En deuxième lieu, il faut renforcer l'accompagnement des ménages en situation de précarité énergétique. À ce titre, nous proposons d'organiser le subventionnement des rénovations globales profondes, soit en visant un reste à charge nul pour les ménages les plus précaires, soit à l'aide de dispositifs d'accompagnement tels que des prêts ou des parcours de rénovation, pour les autres ménages.

En troisième lieu, nous recommandons le conditionnement des aides publiques à l'exigence de résultats. À la suite de l'étude de parangonnage, nous avons constaté que c'est l'un des éléments de l'approche allemande qui fonctionne bien. Nous suggérons de réaliser une évaluation annuelle de l'efficacité des dispositifs d'aide, en prenant en compte une estimation des réductions attendues, pour conditionner les aides à l'obtention de résultats. Il nous faut passer du remboursement de factures au financement de la performance et à la maîtrise de l'ouvrage, pour faire en sorte que l'argent public finance des rénovations vraiment performantes.

En quatrième lieu, afin de massifier ces rénovations et d'inscrire le processus dans la durée, il faut renforcer la formation des professionnels de la filière. Pour ce faire, nous proposons de mieux structurer la filière du bâtiment en mettant en place des formations et en assurant la montée en compétences des professionnels du secteur.
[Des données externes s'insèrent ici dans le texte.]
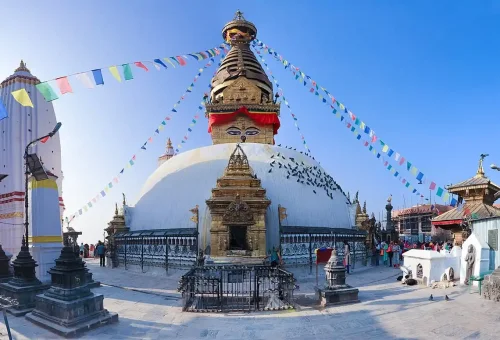 Swayambhunath
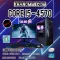 คอมพิวเตอร์เล่นเกม จอใหญ่ 24 นิ้ว มือ 1 GTA V FIVE M เกมในสตรีม I5-4670 Ram 16 GB VGA GTX750TI 2 GB SSD 120 GB Hdd 1 TB Free Fire PUBG สตรีม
Il s'agira aussi de développer une programmation pluriannuelle des financements publics, qui doit s'intégrer dans le cadre budgétaire de l'État et chiffrer les coûts des orientations de la SNBC, en matière de rénovation des bâtiments notamment.

En cinquième lieu, le HCC recommande de mettre en oeuvre et de consolider la RE2020. À cet égard, il faut dès maintenant anticiper les dispositions de prise en compte de l'adaptation au changement climatique dans la définition et l'application du label associé à la RE2020.

En sixième et dernier lieu, nous proposons d'accroître fortement le potentiel des réseaux de chaleur. Si la Suède a avancé de manière profonde en matière de rénovation énergétique des bâtiments, c'est en partie grâce au développement des réseaux de chaleur, qui semblent très efficaces aussi aux Pays-Bas, où des feuilles de route régionales permettent d'encourager leur développement.